Taxing the rich more will not fix a broken budget - it will waste even more money than what is wasted today.

Regarding "Stop Coddling the Super-Rich" By WARREN E. BUFFETT. Published: August 14, 2011

Mr. Buffett is perfectly capable of ignoring his tax breaks and I challenge him to publicly re-calculate his tax obligation without itemized tax exemptions and hand a check to President Obama.

This OP-ED is extremely disappointing for its lack of insight and it's a wonder this guy has any money left. The fact that Mr. Buffett paid "17.4 percent" of his income is irrelevant. It does not matter how much money he has left. The budget is not a function of his income and net-worth. It is a function of the costs of wars and social programs. Mr. Buffett also ignores that the root of our economic woes is not due to a lack of taxation, but rather an over-valuation of property, deregulation of banking, mismanagement by banking institutions, unchecked extensions of credit and debt on both personal and national levels. ...As well as, erratic commodity futures speculation and out of control labor and pension costs.

Mr. Buffett's ill-thought op-ed obscures the truth about taxation which is, simply, the federal budget is a mess. It's chaotic, illogical, and in instances down right reprehensible. Presidents and politicians both obscure the truth while making appeals to emotion rather than logic. It's not just the Republicans, it's also the Democrats. Where is individual accountability and responsibility in the Democrat's platform?

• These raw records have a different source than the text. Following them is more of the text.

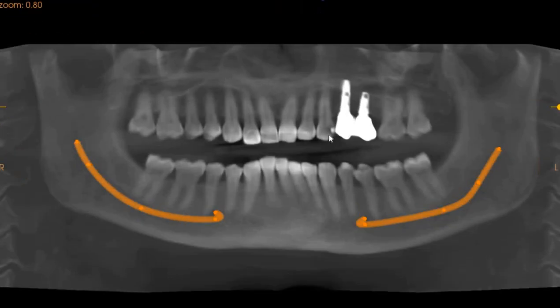On the panoramic view, we can see that tooth 3 has a carious lesion on the distal aspect and the palatal aspect.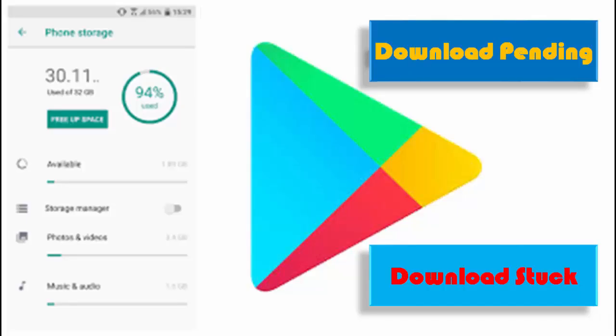Hey guys, welcome back again. Today in this video, I will show you how to fix your Google Play Store stuck on completing download.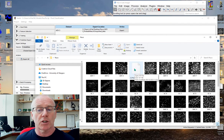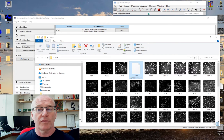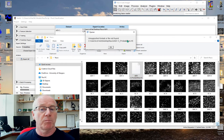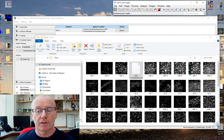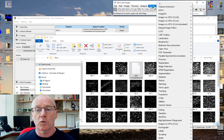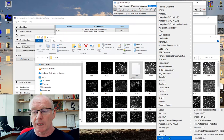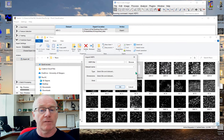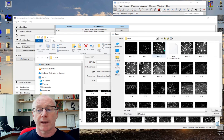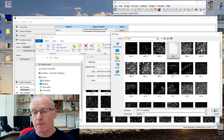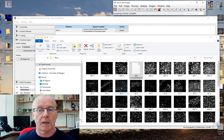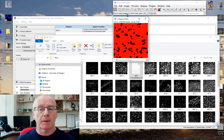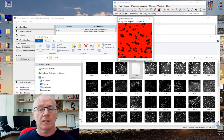I can't just simply drop this into Fiji because it doesn't recognize that HDF5 type of file, but I can go to my plugins, go to Ilastik, import HDF5, browse for that image, there it is there, open it up, click OK, and that's us into Fiji.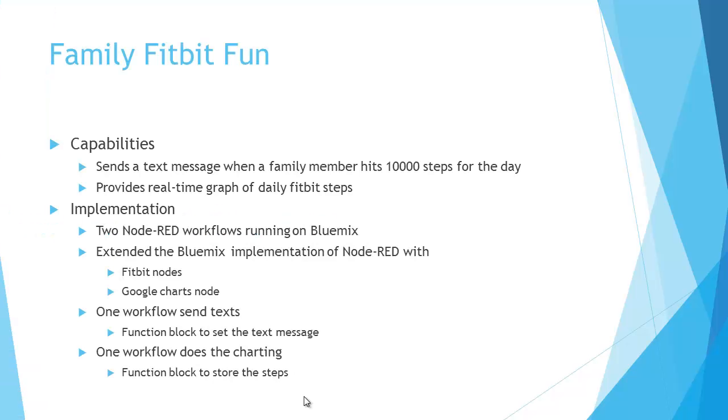What the application does is it is a Node-RED implementation, two workflows running on Bluemix. One of the workflows will send a text message when a family member hits 10,000 steps for the day, and the second workflow has a real-time graph of the Fitbit steps.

Mr. Buffett's $6,938,744 is a lot of money. His meager contribution is equivalent to the income taxes of 347 people who earned $50,000 to $70,000. There are dozens of towns across the USA that pay less as a whole than what Mr. Buffett paid. Nor does his number include his state income taxes, local taxes, property taxes, luxury taxes, sales taxes, investment taxes, business taxes, legislated fees, legislated required insurances, charitable contributions, nor social programs taxes.

The New York Times previously published an article stating that the rich 10 percent of the population pay 71 percent of federal income taxes collected. The middle class (60 percent of the population) split 29 percent (or 0.4 percent each per 1 percent ), and 30 percent of the population pay $0 net-income taxes. Yet despite all this math, the fact is that the budget requires dollars not percentages. Percentages of Mr. Buffet's income are meaningless to balancing the budget. Mr. Buffet didn't pay 17.4 percent of his income, he paid part of 71% of the total due.

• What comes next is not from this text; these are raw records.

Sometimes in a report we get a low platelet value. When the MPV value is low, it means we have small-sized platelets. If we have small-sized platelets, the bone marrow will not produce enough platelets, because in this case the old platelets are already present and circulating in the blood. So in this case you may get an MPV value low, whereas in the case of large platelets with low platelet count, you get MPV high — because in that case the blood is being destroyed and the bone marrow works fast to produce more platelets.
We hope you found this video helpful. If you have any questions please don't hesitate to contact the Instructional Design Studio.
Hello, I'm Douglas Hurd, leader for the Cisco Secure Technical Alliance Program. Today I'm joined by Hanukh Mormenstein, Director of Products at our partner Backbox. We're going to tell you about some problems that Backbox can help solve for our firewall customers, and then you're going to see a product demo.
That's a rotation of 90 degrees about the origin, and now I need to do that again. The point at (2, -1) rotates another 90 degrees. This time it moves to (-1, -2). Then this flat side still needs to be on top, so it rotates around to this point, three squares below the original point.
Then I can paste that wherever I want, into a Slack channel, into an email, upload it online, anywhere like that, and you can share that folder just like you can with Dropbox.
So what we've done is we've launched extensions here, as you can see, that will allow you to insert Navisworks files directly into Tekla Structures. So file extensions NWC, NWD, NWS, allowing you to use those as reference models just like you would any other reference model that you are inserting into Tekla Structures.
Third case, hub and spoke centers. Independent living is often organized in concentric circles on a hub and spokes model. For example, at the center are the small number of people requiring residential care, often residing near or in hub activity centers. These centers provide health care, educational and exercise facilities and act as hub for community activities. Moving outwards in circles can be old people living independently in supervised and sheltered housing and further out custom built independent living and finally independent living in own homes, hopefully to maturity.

Rather than coddling Mr. Buffett's quint notions of economics, we need to champion the one presidential candidate the news media consciously and admittedly ignores who isn't making a fallacious appeal to emotion, but an appeal to economic theory, logic, and an honest recount of the facts that led us into this troubled mess.

No where does Mr. Buffett call for fixing the budget, responsible spending, skill building nor education.